→ **SOURCE DATA**
====================
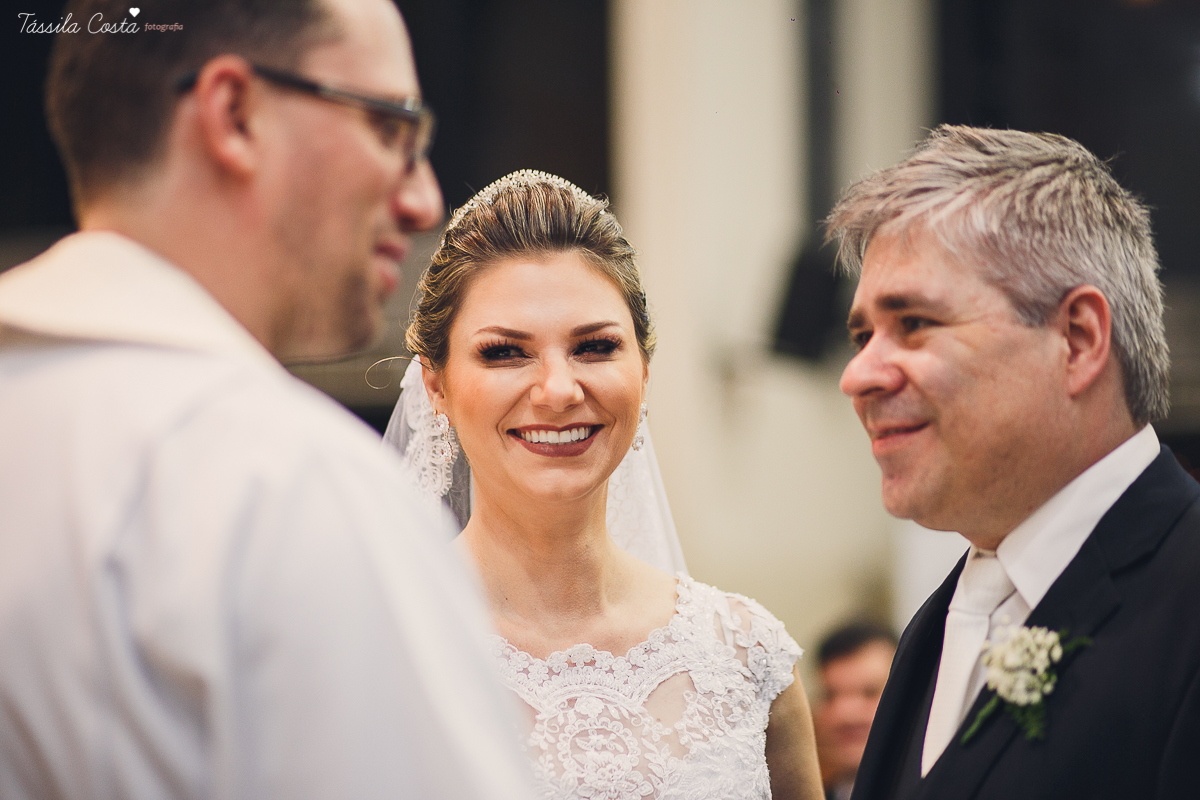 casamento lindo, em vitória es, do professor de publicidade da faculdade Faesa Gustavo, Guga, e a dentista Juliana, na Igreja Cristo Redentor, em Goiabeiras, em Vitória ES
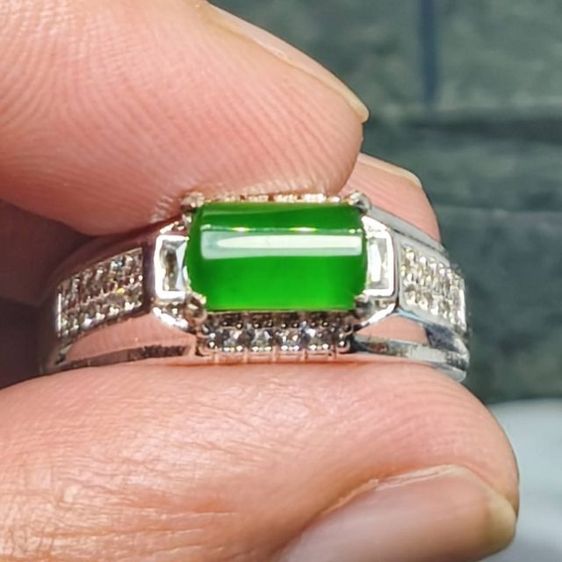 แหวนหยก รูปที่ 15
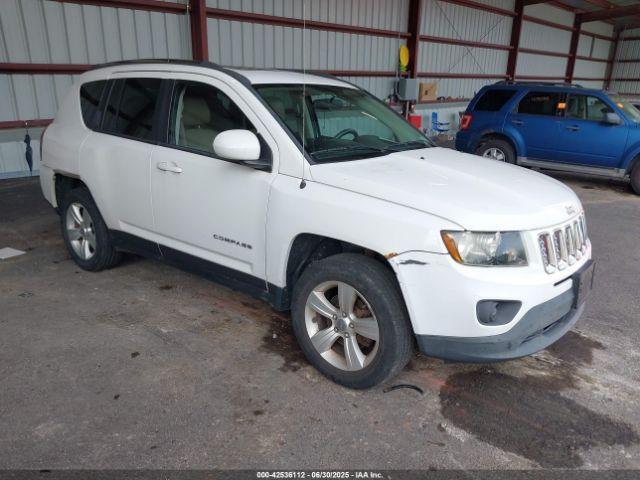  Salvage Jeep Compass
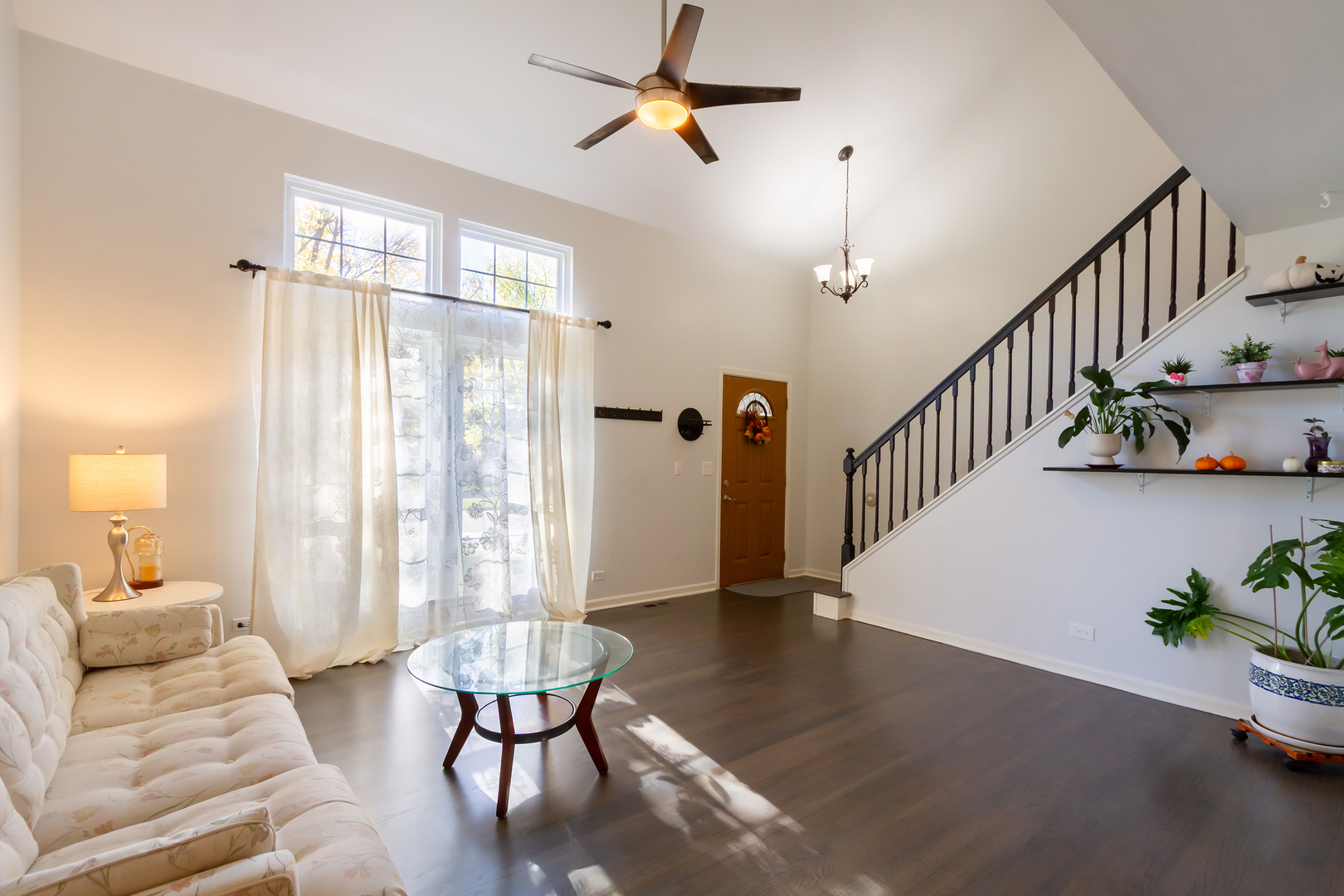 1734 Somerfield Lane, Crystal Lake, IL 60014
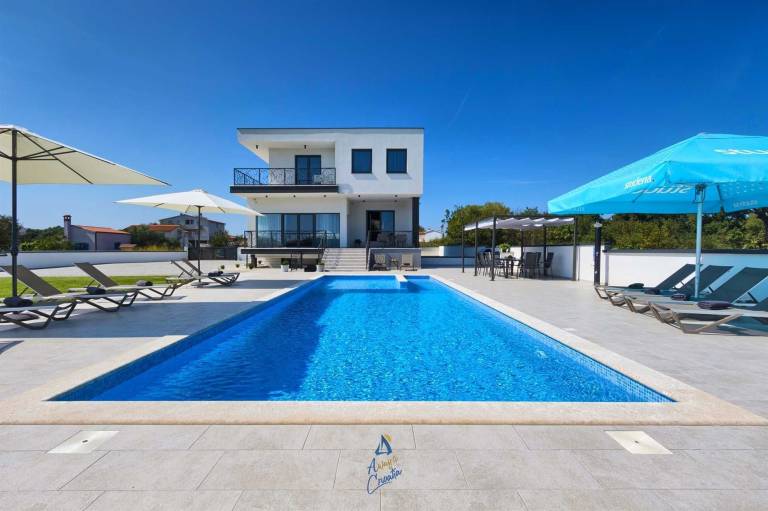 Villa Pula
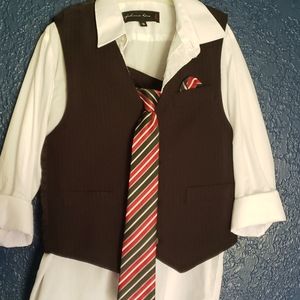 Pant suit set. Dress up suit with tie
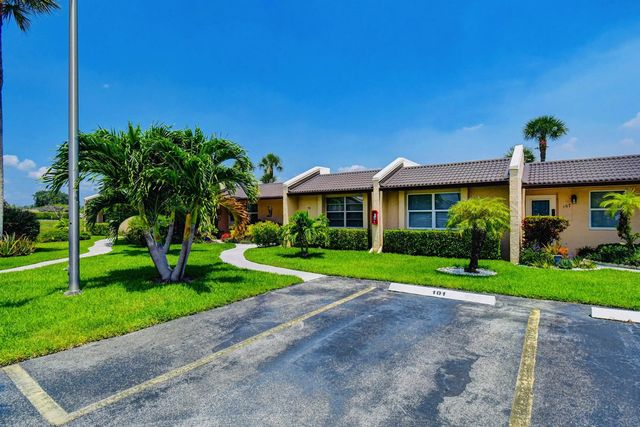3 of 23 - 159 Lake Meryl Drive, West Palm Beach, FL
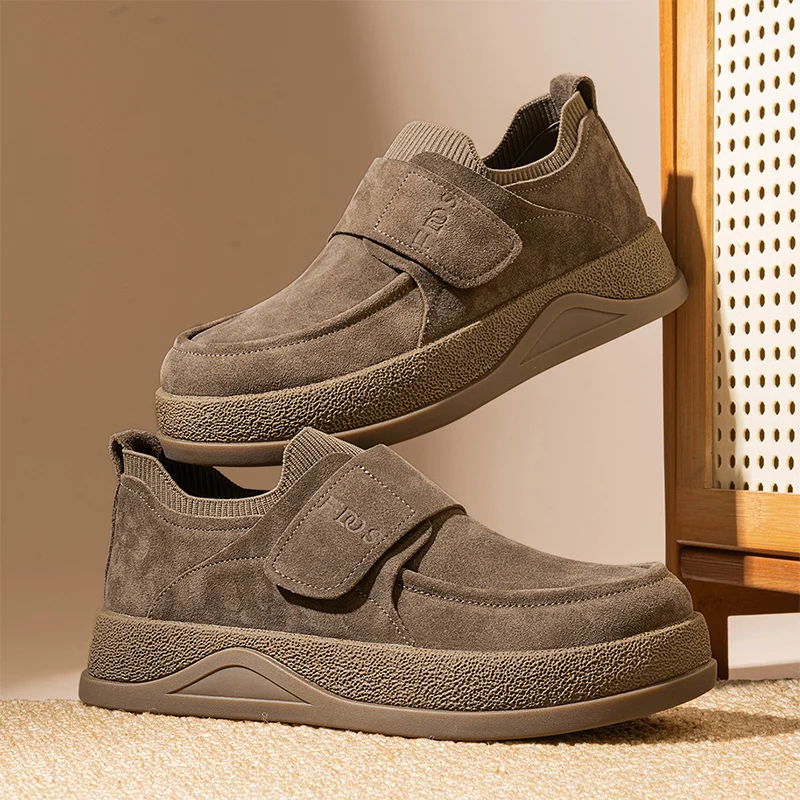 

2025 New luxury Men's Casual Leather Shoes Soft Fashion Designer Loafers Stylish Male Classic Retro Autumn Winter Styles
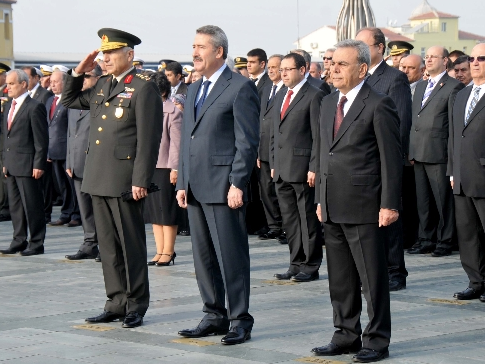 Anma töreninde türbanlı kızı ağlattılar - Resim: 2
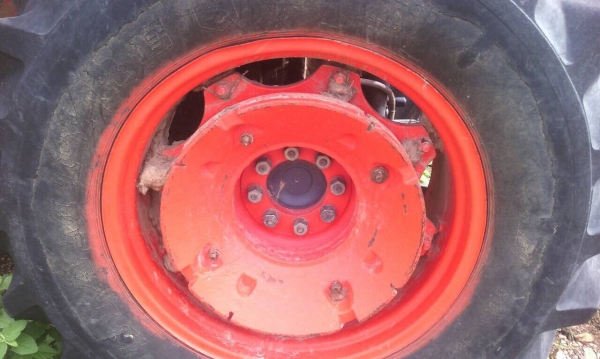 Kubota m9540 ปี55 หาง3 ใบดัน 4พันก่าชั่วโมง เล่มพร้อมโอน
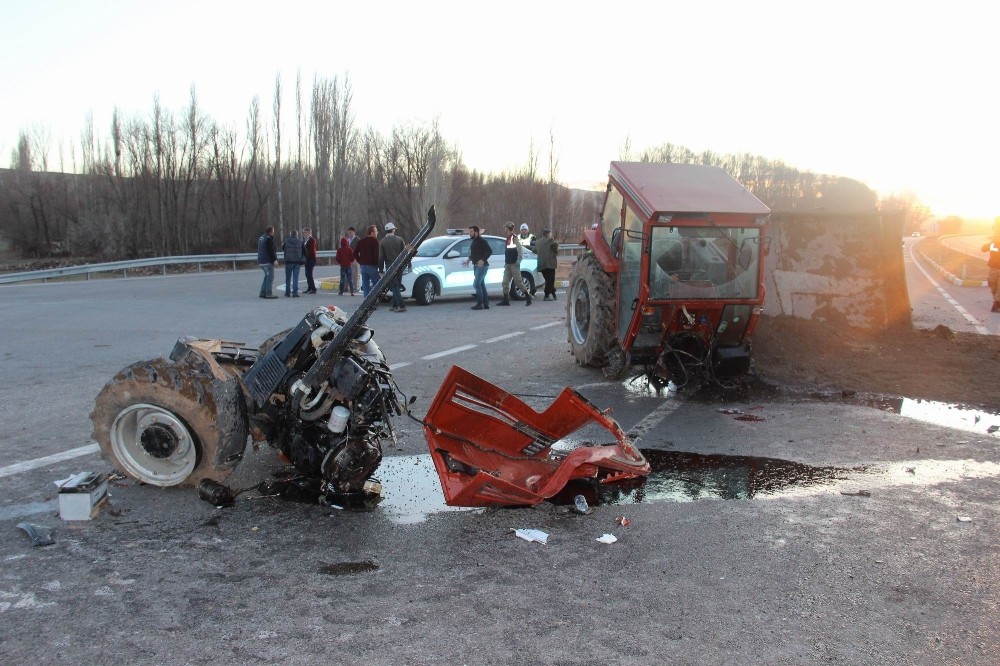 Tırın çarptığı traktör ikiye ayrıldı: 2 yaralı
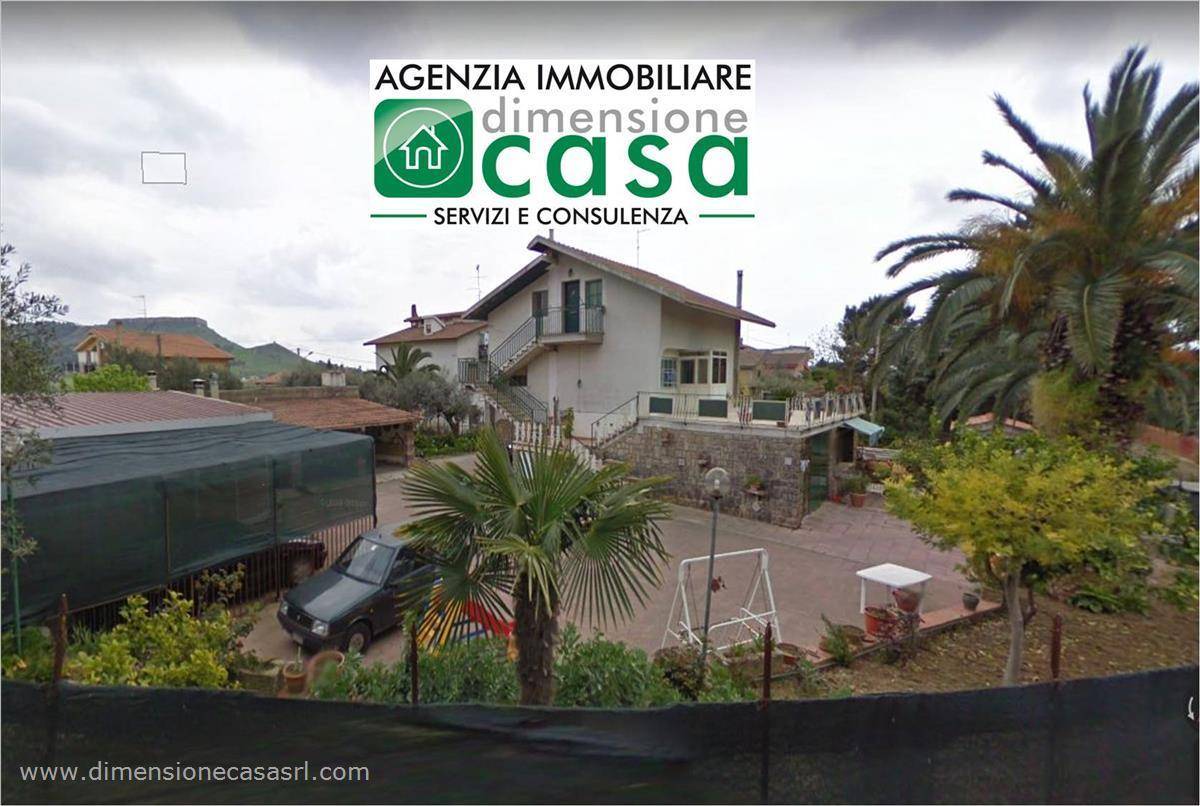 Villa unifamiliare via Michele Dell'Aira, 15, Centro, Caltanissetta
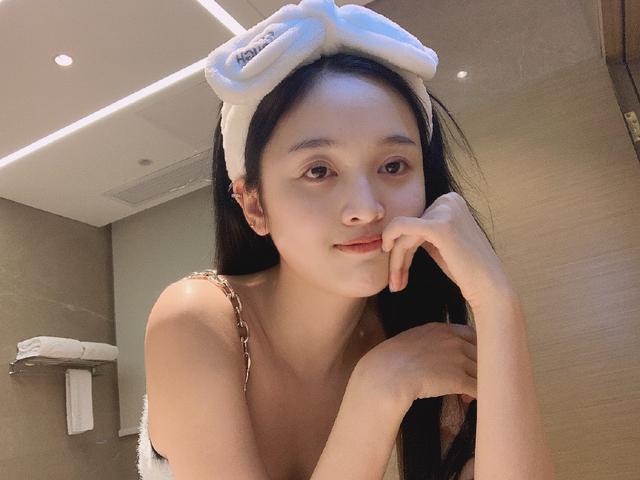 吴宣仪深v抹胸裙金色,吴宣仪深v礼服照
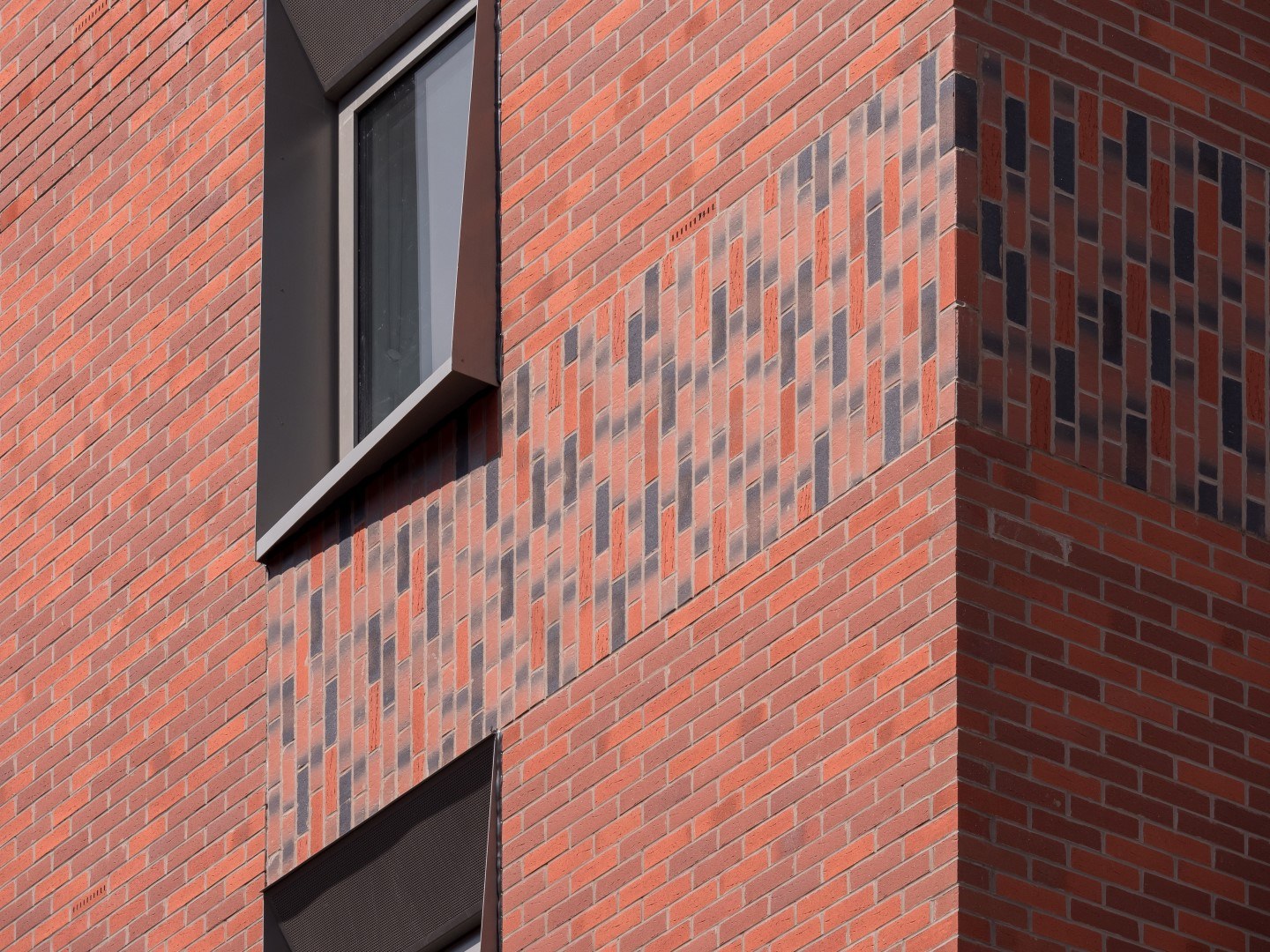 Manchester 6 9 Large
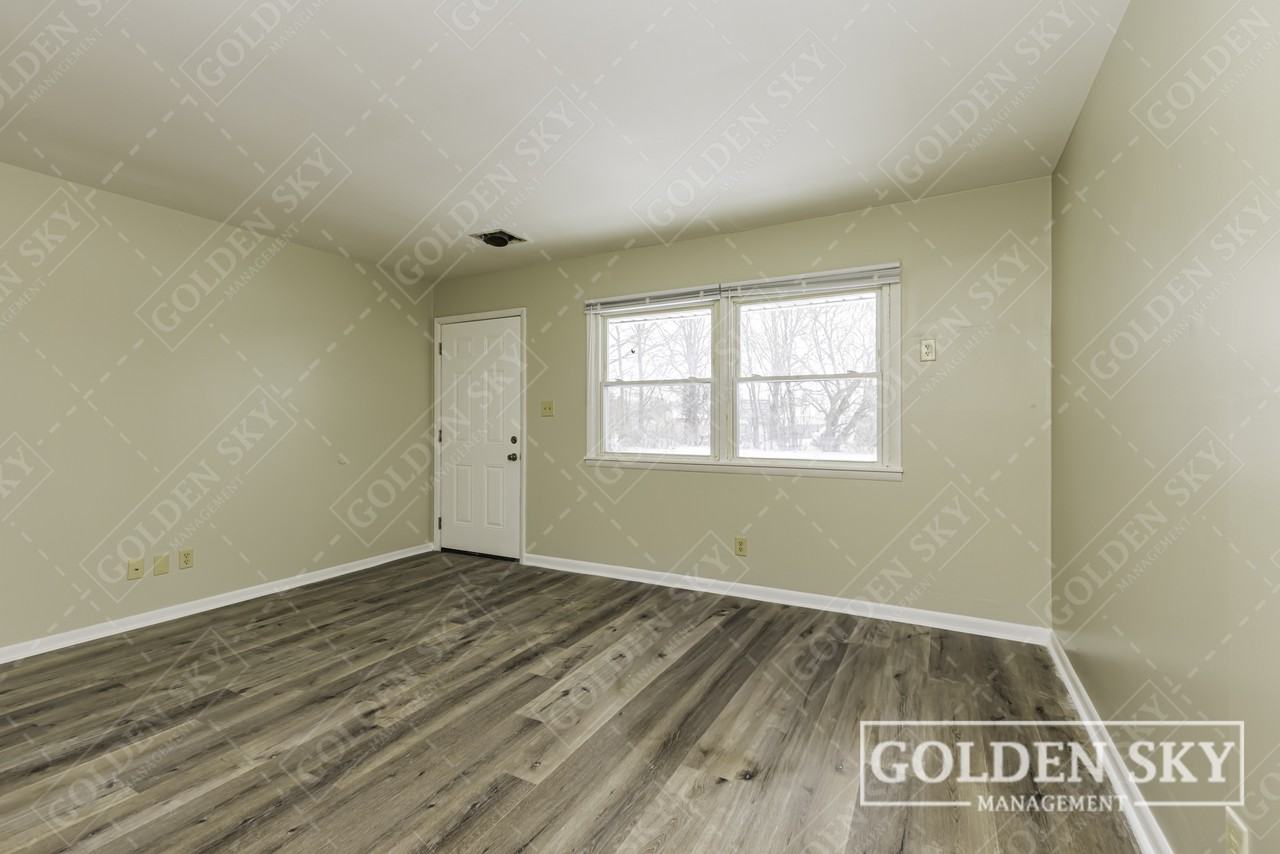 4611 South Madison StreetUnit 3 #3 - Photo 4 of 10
====================
→ **WORK REQUIRED**
In the records above, find the line that contains "Anma töreninde türbanlı", then write it out along with every line after it, exactly, through the last one. Leave the pictures out.

→ **WRITTEN RESPONSE**
 Anma töreninde türbanlı kızı ağlattılar - Resim: 2
 Kubota m9540 ปี55 หาง3 ใบดัน 4พันก่าชั่วโมง เล่มพร้อมโอน
 Tırın çarptığı traktör ikiye ayrıldı: 2 yaralı
 Villa unifamiliare via Michele Dell'Aira, 15, Centro, Caltanissetta
 吴宣仪深v抹胸裙金色,吴宣仪深v礼服照
 Manchester 6 9 Large
 4611 South Madison StreetUnit 3 #3 - Photo 4 of 10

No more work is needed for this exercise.